SNAC-Pack is a TensorFlow-based framework for hardware-aware neural architecture search (NAS) targeting FPGA deployment. It automates the discovery of neural network architectures that balance task performance against hardware resource constraints.

DOI

Overview

SNAC-Pack performs two-stage optimization to find Pareto-optimal models:

  1. Global Search: NSGA-II multi-objective search (via Optuna) over a configurable architecture space. Objectives include accuracy, bit operations (BOPs), and optionally FPGA resource utilization and clock cycles estimated by rule4ml.
  2. Local Search: Quantization-aware training (QAT via QKeras) combined with iterative magnitude pruning (via TF Model Optimization), further compressing the best candidates from global search.

The result is a set of deployable, quantized, pruned models with known FPGA resource footprints, ready for downstream HLS synthesis with hls4ml.

Installation

Create and activate a conda environment:

conda create -n snac-pack python=3.10
conda activate snac-pack

Install the core TensorFlow stack (pinned for compatibility with QKeras and rule4ml):

pip install \
  "tensorflow==2.15.1" \
  "keras==2.15.0" \
  "tensorboard==2.15.2" \
  "protobuf==4.25.8" \
  "ml-dtypes==0.3.2" \
  "tensorflow-estimator==2.15.0" \
  "tensorflow-io-gcs-filesystem==0.37.1" \
  "tensorflow-model-optimization==0.7.5"

Then install the remaining dependencies:

pip install -r requirements.txt

Tutorials

Three self-contained tutorials are provided, each with a Python script, Jupyter notebook, and YAML config.

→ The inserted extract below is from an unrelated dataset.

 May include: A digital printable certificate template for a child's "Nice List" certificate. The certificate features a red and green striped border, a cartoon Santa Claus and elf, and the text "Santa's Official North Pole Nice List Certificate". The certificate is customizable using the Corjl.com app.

All parameters (search space, dataset, epochs, local search settings) are controlled through the config file — no code changes needed for common experiments.

Run from the repo root:

python tutorials/tutorial_1_mlp/tutorial_1_mlp.py     # MLP search on MNIST
python tutorials/tutorial_2_block/tutorial_2_block.py  # Block-based search on Fashion-MNIST
python tutorials/tutorial_3_qubit/tutorial_3_qubit.py  # Qubit readout classification
Tutorial Dataset Model Types Hardware Metrics
1 — MLP MNIST MLP Yes
2 — Block Fashion-MNIST Conv, ConvAttn, MLP No
3 — Qubit Superconducting qubit IQ data MLP Yes

Config-Driven Workflow

Each tutorial reads all parameters from its config YAML. For example, to run more trials or enable hardware metrics in Tutorial 2, edit tutorials/tutorial_2_block/t2_config.yaml:

search:
  n_trials: 50
  epochs: 20
  use_hardware_metrics: true
  objective_names: [performance_metric, bops, avg_resource, clock_cycles]
  maximize_flags: [true, false, false, false]

Results (CSV, Pareto front plots, per-trial YAML configs, best model config) are written to the directory specified by output.results_dir in the config.

Multi-Node Search (Tutorial 3)

Tutorial 3 supports distributed search across multiple nodes via SLURM:

cd tutorials/tutorial_3_qubit

# Single node via CLI
python run_global_search.py --n_trials 1000 --epochs 20

# With shared Optuna storage (SQLite or PostgreSQL)
python run_global_search.py \
    --n_trials 1000 \
    --optuna_storage "sqlite:///./optuna.db" \
    --optuna_study_name "qubit_search"

# Multi-node via SLURM
sbatch run_global_search_slurm.sh

Each worker writes its own CSV (*_rank{N}.csv) to avoid race conditions; merge them after the job completes.

Repository Structure

tutorials/
  tutorial_1_mlp/        t1_config.yaml, tutorial_1_mlp.py, tutorial_1_mlp.ipynb
  tutorial_2_block/      t2_config.yaml, tutorial_2_block.py, tutorial_2_block.ipynb
  tutorial_3_qubit/      t3_config.yaml, tutorial_3_qubit.py, tutorial_3_qubit.ipynb
                         run_global_search.py, run_global_search_slurm.sh
extras/
  animated_search_viz.py          Live Optuna search visualization callback
  create_3d_animation.py          3D Pareto front animation
  plot_global_search_csv.py       Post-hoc Pareto front plots from CSV
  plot_global_search_from_csv.ipynb
  qubit_iq_visualization.ipynb
utils/
  tf_global_search.py             GlobalSearchTF, Optuna objectives, rule4ml integration
  tf_local_search_combined.py     Combined QAT + iterative pruning with k-fold CV
  tf_local_search_separated.py    Separate QAT/pruning phases; load_model_from_yaml()
  tf_model_builder.py             MLP and DeepSets model builders
  tf_blocks.py                    Block-based architecture primitives
  tf_bops.py                      BOPs calculations for Dense/Conv/attention layers
  tf_data_preprocessing.py        Dataset loaders; load_generic_dataset() dispatcher
  tf_processor.py                 train_model(), evaluate_model() with early stopping
  tf_visualization.py             Pareto front plotting utilities
data/
  qubit_dataset.py                Qubit IQ data loader
  qubit/                          Raw qubit .npy data files (X/y train+test)
pytorch_NAC/                      Archived PyTorch NAC code (not used by TF pipeline)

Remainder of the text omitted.